Whichever, it sounds like a private anguish. But Evening on Karl Johan isn't a private image. Its visual rhetoric is thoroughly public. It has the power and directness of propaganda. Large simple shapes, bold tonal contrasts, explicit imagery: this picture could speak to us from a hundred yards away. You could blow it up and paste it up on the very street that it depicts. It announces "The Anxiety of Crowds" as boldly as any Soviet poster ever announced "The Dictatorship of the Proletariat".

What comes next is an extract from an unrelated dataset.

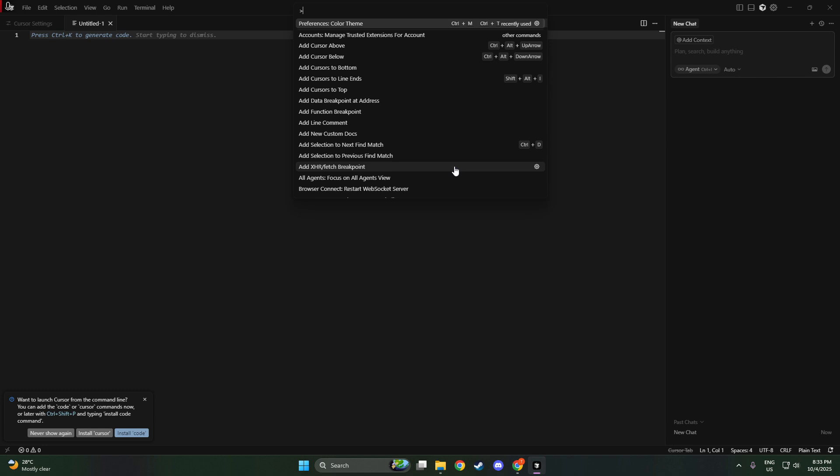Once you've opened the Command Palette, the next step is to select the right setting for changing your theme. In the search bar that appears, type Preferences Color Theme and press Enter. This will take you directly to the section where you can explore a diverse range of theme options available in Cursor AI.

Munch's painting makes angst into a public cause. He probably takes the other side to Kim's. The tragedy of isolation? Quite the opposite. Resist the smothering social. Stand up for solitude. Get out and vote for the party of the alone.
About the artist
Edvard Munch (1863-1944) lived for a surprisingly long time, far into the 20th century. But his famous images are all young man's works. They were done in Germany within a single decade around 1900. You hardly need to know more of his life at this time. All the biographical yield is on the surface of these pictures. Fatal attraction, the impossibility of love, the agony of being: everything is perfectly clear. Yet Munch is an artist with a twist. The message is misery, but the effect is cheering. There's nothing like 'The Scream' to put a smile on people's faces. Its extreme emotional torment makes us feel by contrast nicely normal. Still, the works do seem to portend an early death or debilitating insanity for the artist, and having had almost all his good ideas, Munch had his promised breakdown – but he recovered, returned to Norway, and worked on, making generally more serene pictures.